Jane Austen is altijd een van mijn favoriete auteurs geweest. Haar boeken worden tegenwoordig als onversneden romantisch beschouwd: ze gaan immers altijd over het aangaan van relaties en wie wie krijgt, dus dat moet welhaast soft geneuzel wezen. Dat de dames in verfilmingen van haar werk altijd Empire-jurken dragen en de heren kuitkousen helpt ook al niet: dat maakt haar werk gedateerd.
Austen is echter allesbehalve gedateerd. Ze beschikte over groot psychologisch inzicht en een vaak vileine humor, maar wat haar werk zo intrigerend maakt is dat ze een buitengewoon scherp oog bezat voor de sociale structuur van verhoudingen, voor de moraal achter de liefde.
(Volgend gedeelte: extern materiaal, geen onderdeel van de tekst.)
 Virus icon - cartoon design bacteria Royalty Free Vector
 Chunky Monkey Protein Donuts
In haar tijd – twee eeuwen geleden – konden vrouwen niet erven of een vak uitoefenen (behalve als ze uit de lagere klassen kwamen, dan konden ze bediende worden).
In Austens eigen middenklasse en de sociale strata daarboven waren de opties voor vrouwen zeer beperkt. Wie geen bruidsschat had, kon geen man krijgen; ging je man dood, dan ging zijn geld naar zijn zonen of zijn broer, niet naar de weduwe. Zonen hadden iets ruimere opties dan dochters: als ze niet erfden, konden ze tenminste nog werken, of desnoods het leger in of dorpsdominee worden. Voor vrouwen was het huwelijk de enige weg uit het ouderlijk huis en naar relatieve autonomie. Dan moest die man echter niet vroegtijdig overlijden, want in dat geval was je terug bij af, maar dan zonder het startgeld van jeugd en schoonheid.
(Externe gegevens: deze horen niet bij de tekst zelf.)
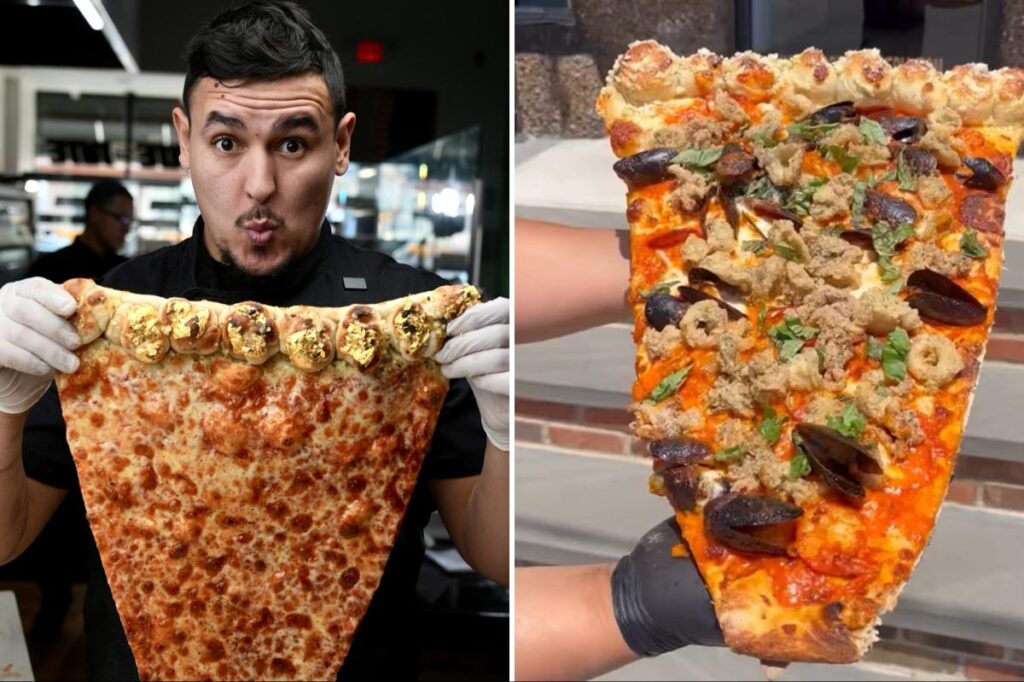 Exclusive | NJ pizza chef goes viral for 3-foot seafood fra diavolo slice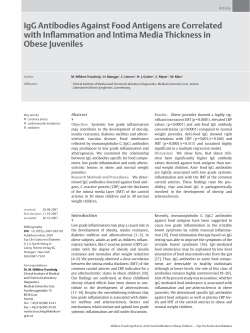 IgG Antibodies Against Food Antigens are Correlated with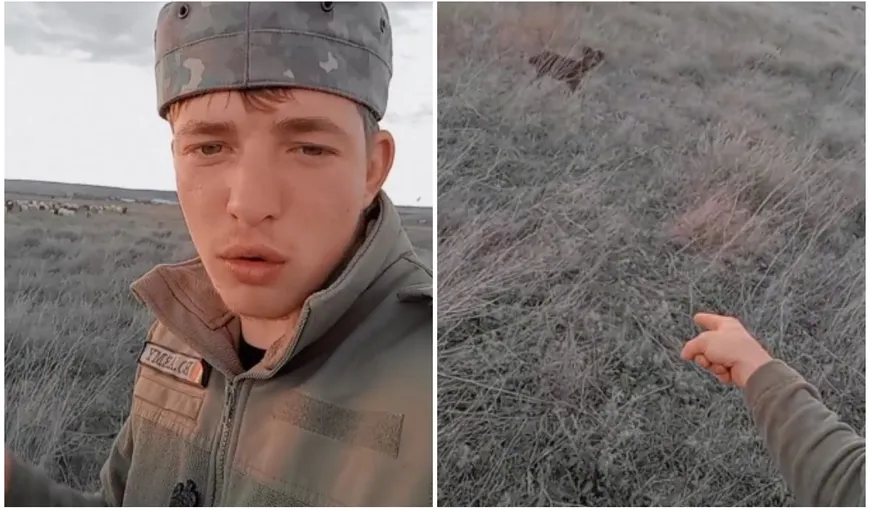 Mesajul viral al unui cioban îmbrăcat în haine militare NATO: „Băi, Putin, două vorbe îţi spun! Ai grijă unde arunci bomba aia”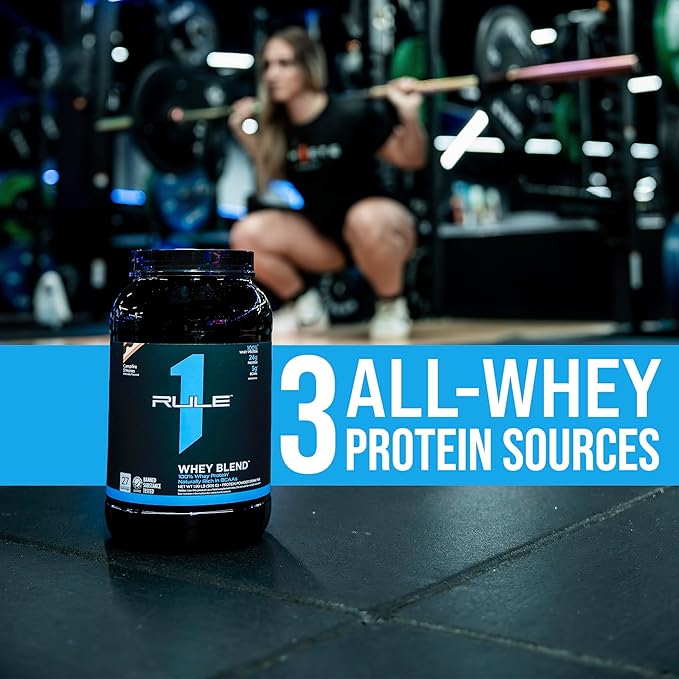 Rule One Proteins Whey Blend - 100% Whey Protein, Isolates, Naturally Rich in BCAAs, 1,96 lbs, 891g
Binnen die context krijgt Austens fascinatie met de liefde al een andere inzet. Niet voor niets begint elk van haar boeken met een opmerking over de financiële status van haar hoofdpersoon: die bepalen immers goeddeels hun kansen. Haar boeken gaan niet over de liefde alleen, ze gaan over verstandige keuzes.
Maar Austen doet meer. Ze rekent telkens opnieuw af met drie soorten vrouwen. Degenen die uitsluitend om het geld trouwen, krijgen met haar vileine spot van doen: die hebben geen moraal. Met de vrouwen die slechts hun passie volgen en niet nadenken over de consequenties daarvan, loopt het gemeenlijk slecht af (of ze moeten eerst een louterende ziekte doorstaan): die hebben geen verstand. De vrouwen die überhaupt niet nadenken zet ze consequent neer als hemeltergend domme wichten.
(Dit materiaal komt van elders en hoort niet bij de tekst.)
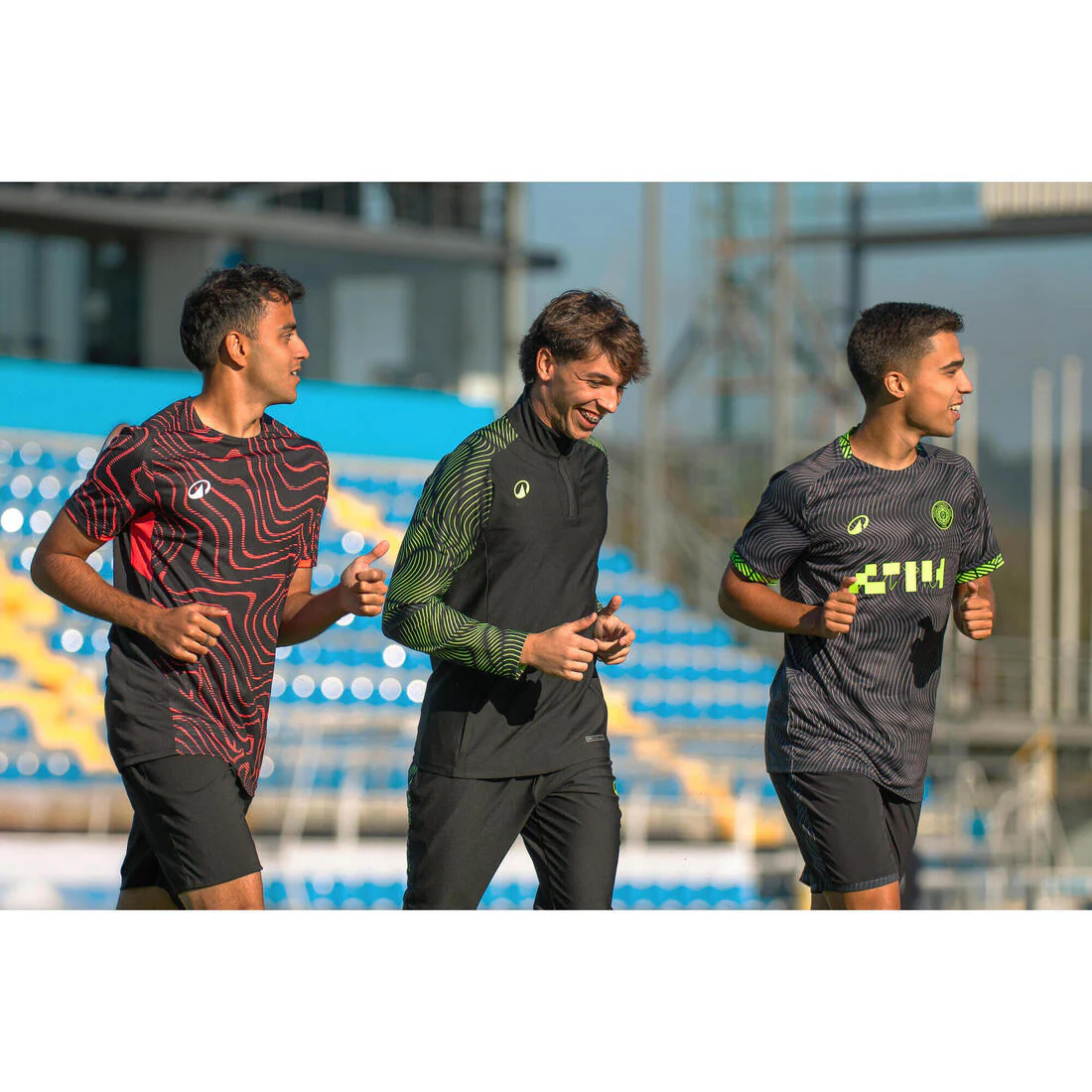 Adult Football Shirt Viralto II - Wavy Black/Neon - Image 11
Gesteld voor de keuze tussen romantische verdwazing en calculerende huwelijken bepleit Austen een – voor die tijd ongewone, zelfs revolutionaire – derde weg. Haar sympathie gaat consistent uit naar de vrouwen die nadenken, naar vrouwen die hun gevoel nooit volgen zonder ook bij hun hoofd te rade te gaan. Juist daarin is ze buitengewoon modern en nog steeds bijzonder leesbaar: haar hoofdpersonen paren romantiek aan rede in plaats van die twee als tegengestelde (of elkaar uitsluitende) grootheden te zien. Ik ken geen auteur die zo scherp de prijs van passie en berekening weet te tonen en die er zo op hamert dat je je hoofd bij je hart moet houden, en vice versa.
Het wrange is dat die gedachte nog steeds fris is, ook al kunnen vrouwen tegenwoordig erven en werken. Legio zijn de meisjes die denken dat de liefde hen zal redden en dat je kunt ophouden na te denken zodra de passie je treft, die geloven dat verstand en gevoel elkaar uitsluiten. Dat is een ongezond romantisch ideaal, waarvoor je – zeker als vrouw – uiteindelijk altijd een prijs betaalt.